As I wrote on our foreclosure defense blog, the foreclosure fraud settlement allows for principal reductions on loans held by the 5 major servicers. However, if you are planning on filing a Chapter 13 bankruptcy to strip the second mortgage on your underwater home, be careful about applying for one of the promised principal reductions.
In most cases, any reduction in the principal balance of a loan is desirable. Your payment goes down, you approach having equity in your home, and life seems to be all sunshine and kittens. However, if you are planning on using a Chapter 13 bankruptcy to strip a wholly underwater second mortgage, beware.

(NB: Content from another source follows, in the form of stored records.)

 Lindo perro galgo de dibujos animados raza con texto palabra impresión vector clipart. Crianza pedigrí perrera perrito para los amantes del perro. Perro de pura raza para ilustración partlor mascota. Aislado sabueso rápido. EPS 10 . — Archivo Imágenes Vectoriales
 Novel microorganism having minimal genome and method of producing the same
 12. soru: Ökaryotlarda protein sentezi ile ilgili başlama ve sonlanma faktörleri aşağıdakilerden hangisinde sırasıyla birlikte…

In a Chapter 13 bankruptcy, you can strip an unsecured second or third mortgage from your home and pay it back as if it was a credit card or other unsecured debt. However, if that second mortgage is secured by even $1 of the home's value, you cannot strip it in a Chapter 13. This means that if you obtained a principal reduction on your first mortgage, and it returned your home to even slightly positive equity, then you most likely cannot strip your second mortgage.
Depending on your financial circumstances, it may be possible to strip a lien in a Chapter 13, then obtain a principal reduction on the primary mortgage later. As with any bankruptcy strategy, it is always wise to plan carefully and consult with an experience attorney.